FW: A Secretary in Your PC

Lane laneonline at yahoo.com
Fri Jul 21 20:43:01 UTC 2006


New York Times
Like Having a Secretary in Your PC 
by David Pogue
July 20, 2006

TESTING, testing, one two three. Is this thing on? 

Well, I’ll be darned. It’s really on and it’s really
working. I’m wearing a headset, talking, and my PC is
writing down everything I say in Microsoft Word. I’m
speaking at full speed, perfectly normally except that
I’m pronouncing the punctuation (comma), like this
(period). 

Let’s try something a little tougher. Pyridoxine
hydrochloride. Antagonistic Lilliputians.
Infinitesimal zithers. 

Hm! Not bad. 

Oh, hi, honey. Did you get to the bank before it
closed? Oh, hold on, let me turn off the mike.
Wouldn’t want our conversation to wind up in my
column!

O.K., back again. The software I’m using is Dragon
NaturallySpeaking 9.0 (www.nuance.com), the latest
version of the best-selling speech-recognition
software for Windows. This software, which made its
debut Tuesday, is remarkable for two reasons.
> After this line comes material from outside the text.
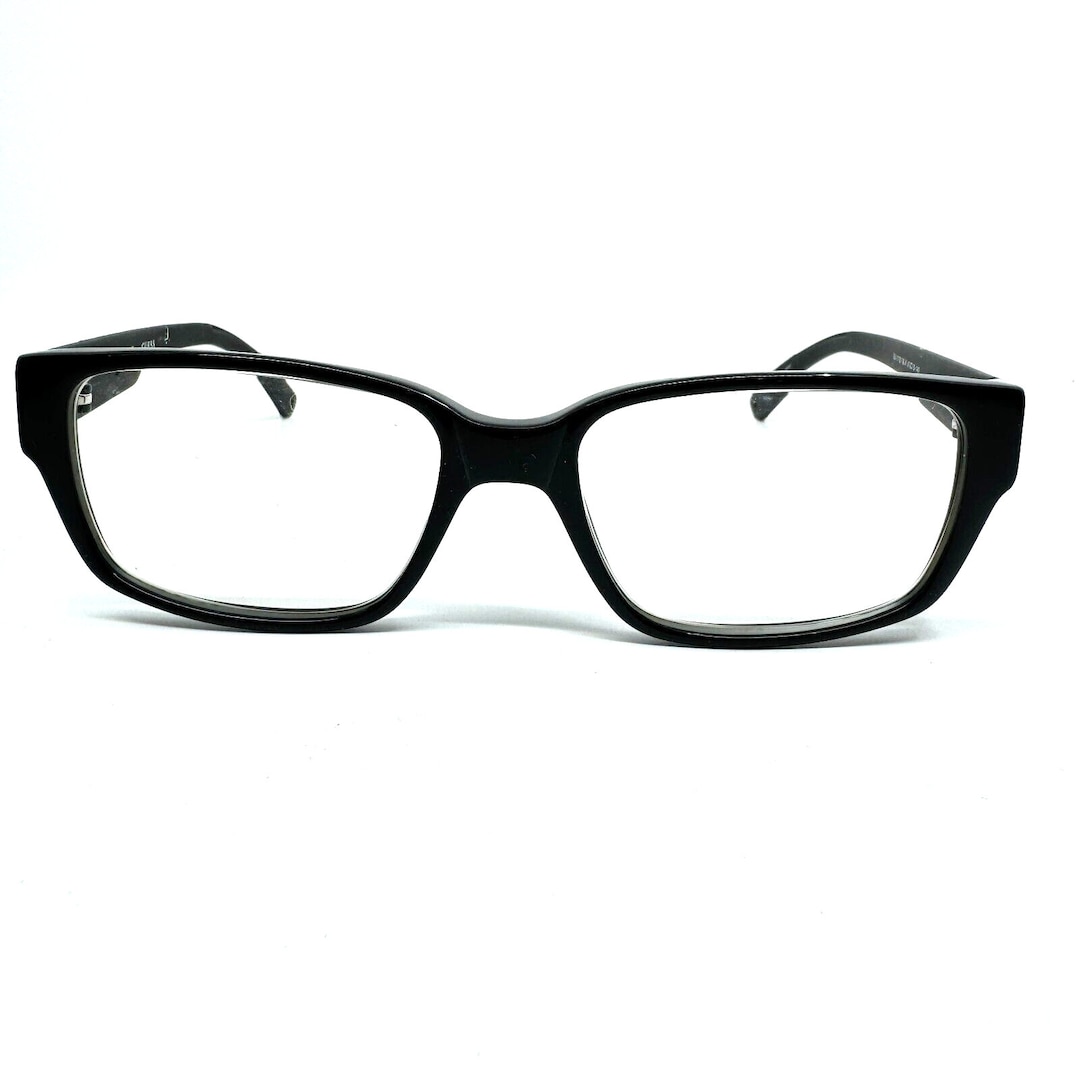 GUESS GU1720 Black Unisex Rectangle Full Rim Eyeglasses 51  display picture 2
Reason 1: You don’t have to train this software.
That’s when you have to read aloud a canned piece of
prose that it displays on the screen — a standard
ritual that has begun the speech-recognition adventure
for thousands of people.

I can remember, in the early days, having to read 45
minutes’ worth of these scripts for the software’s
benefit. But each successive version of
NaturallySpeaking has required less training time; in
Version 8, five minutes was all it took.

And now they’ve topped that: NatSpeak 9 requires no
training at all.

I gave it a test. After a fresh installation of the
software, I opened a random page in a book and read a
1,000-word passage — without doing any training. 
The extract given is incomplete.